Getting Started with SimpleCov in GitLab CI

#ruby #rails #simplecov #gitlab

EDIT (10/04/2020): Edited to reflect slightly cleaner practices, and use
the collate method in SimpleCov that does a lot of work for you.

simplecov is a useful code coverage tool built for Ruby projects. It encapsulates Ruby's own Coverage API and is, by far, the most popular gem and library for code-coverage.

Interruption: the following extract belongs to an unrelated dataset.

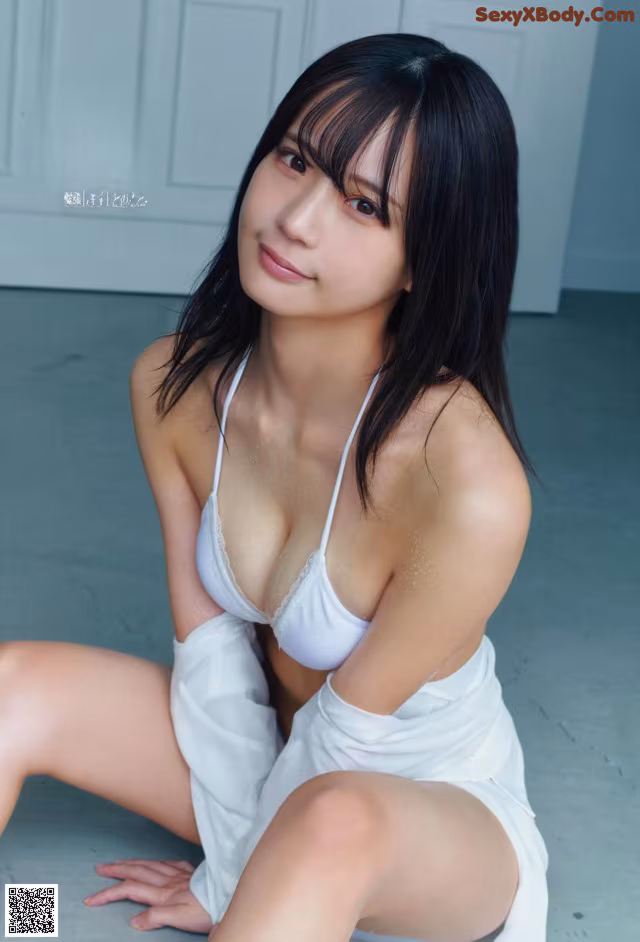 A woman in a white dress sitting on the floor.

simplecov-ruby / simplecov

Code coverage for Ruby with a powerful configuration library and automatic merging of coverage across test suites

SimpleCov

Code coverage for Ruby

SimpleCov is a code coverage analysis tool for Ruby. It uses Ruby's built-in Coverage library to gather code coverage data, but makes processing its results much easier by providing a clean API to filter, group, merge, format and display those results, giving you a complete code coverage suite that can be set up with just a couple lines of code SimpleCov/Coverage track covered ruby code, gathering coverage for common templating solutions like erb, slim and haml is not supported.

In most cases, you'll want overall coverage results for your projects, including all types of tests, Cucumber features, etc. SimpleCov automatically takes care of this by caching and merging results when generating reports, so your report actually includes coverage across your test suites and thereby gives you a better picture of blank spots.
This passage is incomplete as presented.